I would suggest that in our lives, which occur within cultural norms, personal plans, subjective expectations, and ultimately, a divine plan, our personal narratives move forward not rhythmically, but unevenly. And the great leaps of our personal narratives, as experienced by the narrator of “Ham of God,” occur when God reveals His plan. For someone who isn't religious, I imagine these moments would come when the “next step” suddenly makes sense, and the next door to one's future is opened, even if subsequent doors remain hidden and still closed. (A Jesuit I know once told me that sometimes all God is asking us to do is to try something—it's in the trying that we'll learn whether or not we are supposed to succeed.)

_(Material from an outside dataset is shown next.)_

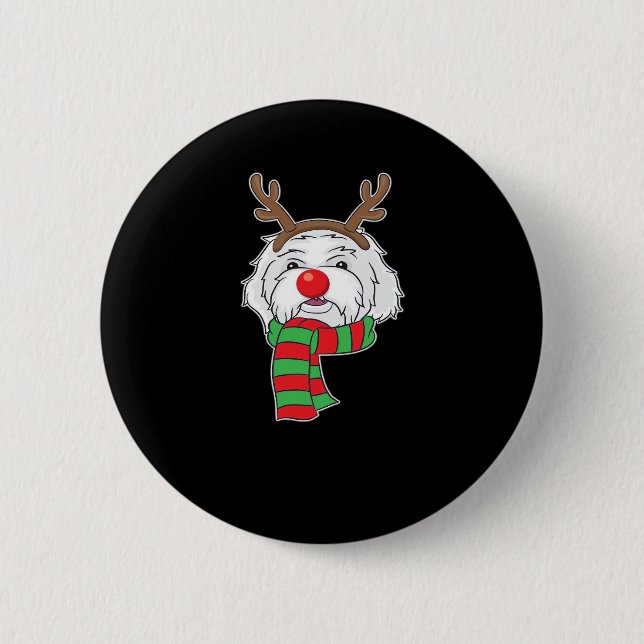 Funny Christmas Dog Xmas Reindeer Maltese Dog Holi 6 Cm Round Badge (Front)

A person of prayer myself, I certainly know the feeling that time has come to a standstill. I often feel as if my own temporality (my own history) could be recorded by reference to dates and times and places when suddenly "the plan" made sense, when God's plan unfolded in front of me just one little inch more. And the dry spells in between those miniature revelations? A desert, a chaos, a formless void, as Turner describes. Much like LaMott's experience laying in bed on her birthday, hopeless and despairing. Already halfway through the fall semester, I feel like time is moving too fast! Perhaps that's because in my subjective experience of time, the rhythms of life have continued uninterrupted by any recent divine revelation. I will remain precisely the person I was at that last “God-moment.” Father's Tom advice here might be that there is a divine rhythm, a reason for every moment, and that from God's perspective, history marches forward precisely as planned, even when we subjectively feel like it moves in fits and starts.


Douglas suggests (echoing Turner) that African cultures have reached an “apotheosis of wit” and that the joke rite reflects the “conditions of human knowledge” (Douglas 162). Yes! Jokes are all about what we think we know and what we actually know—not only in the present moment, but in broader cultural contexts and at the very fringes of human existence.